I looked at my own horse, still heartbreakingly handsome at 18 with the maturity and talent to match. He’s been my partner for 14 years and I brought him along myself. I remember all his “moments of silliness” fondly now, even if they weren’t so welcome back then. Now that he’s a senior, he very rarely puts a foot out of place and I can appreciate that. But sometimes I long to see those moments of youth in him.
“Not much silliness for us anymore,” I said quietly as we looked at each other.
As riders, we spend so much time taming our horses which is a good thing. The best thing you can do for your horse is to make him as easy to handle and ride as possible. That way, no matter where he goes or whomever he meets, he will always make friends.
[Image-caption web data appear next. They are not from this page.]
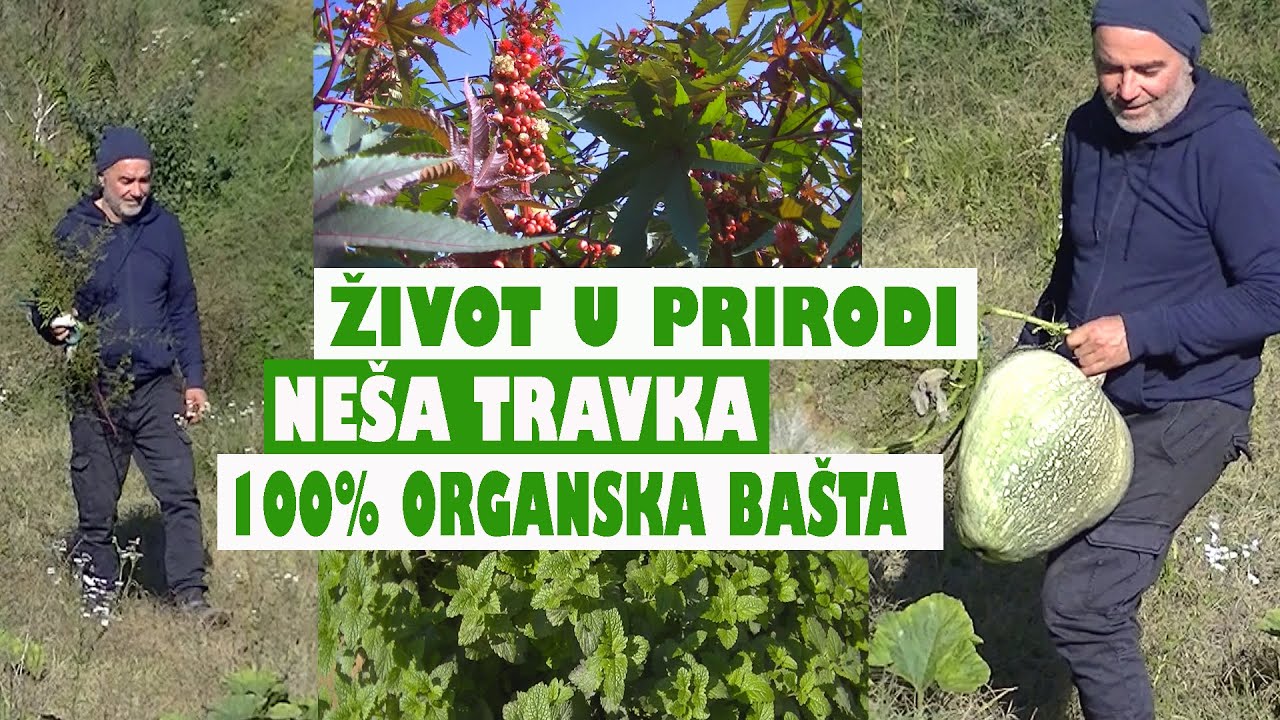 ŽIVOT U PRIRODI - NESA TRAVKA - 100 % ORGANSKA BAŠTA (DRUGA PRIČA)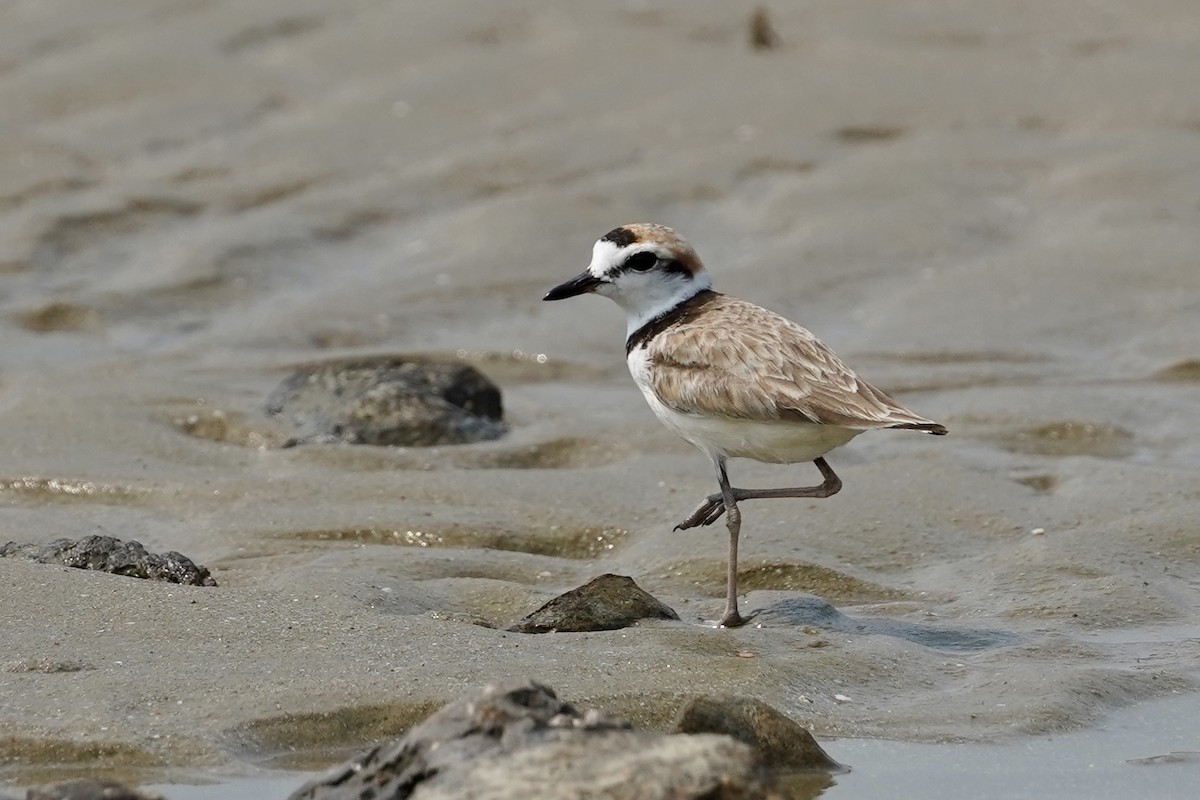 Malaysian Plover - ML556387311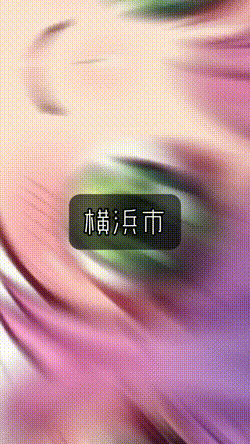 どっちが好き？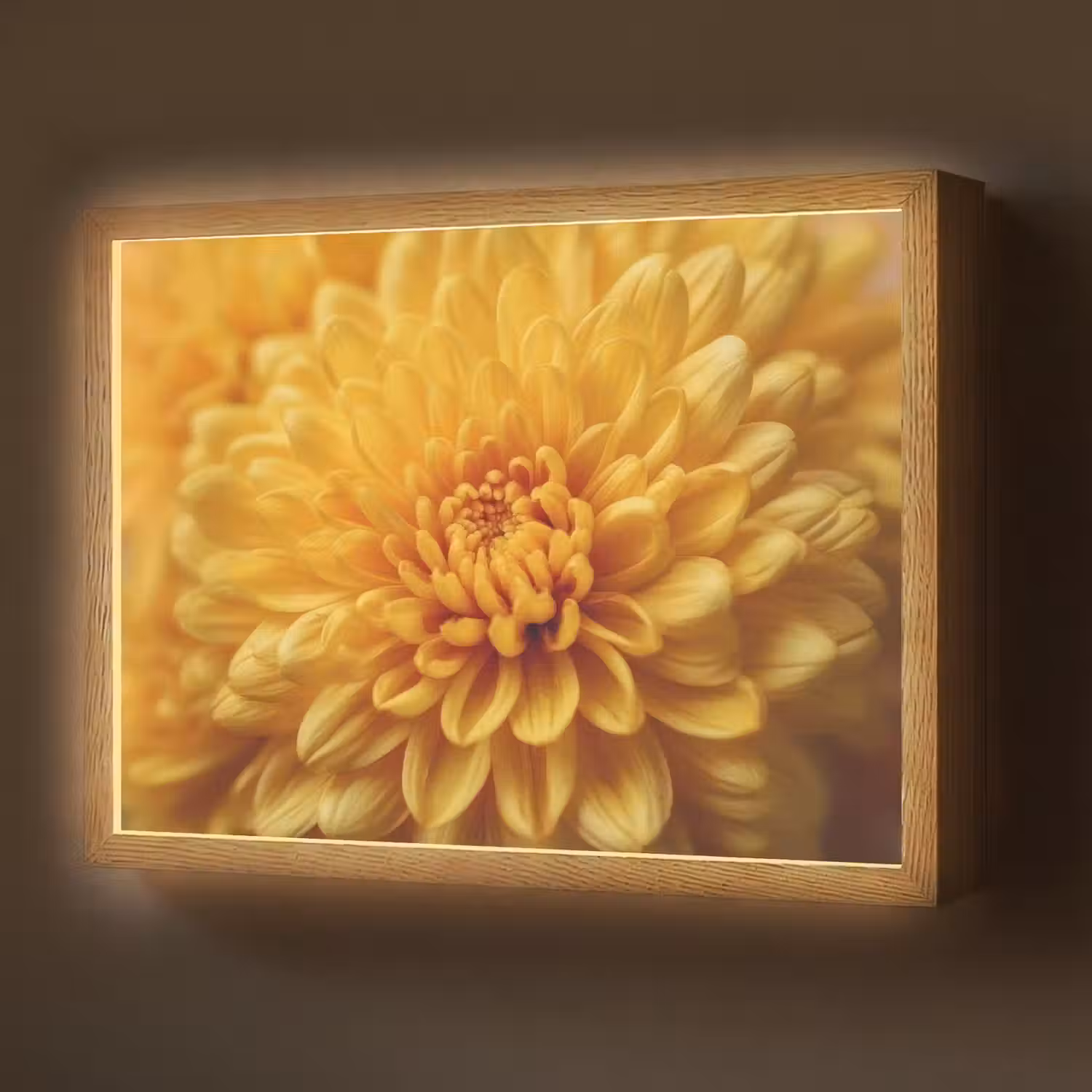 Geel - Chrysant - Zachtheid Light Box met batterij (Wandlamp) middel -z3d_website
But horses are alive and they will have moments where they will act like the personalities they are. While those moments can be frustrating, we really owe it to them to be understanding. After all, if horses always acted perfectly, nobody would have any good stories to share!
To those of you with young or green or “difficult” horses, embrace the occasional silliness. If you have your horse long enough to see him grow old, you’ll wish for more of it.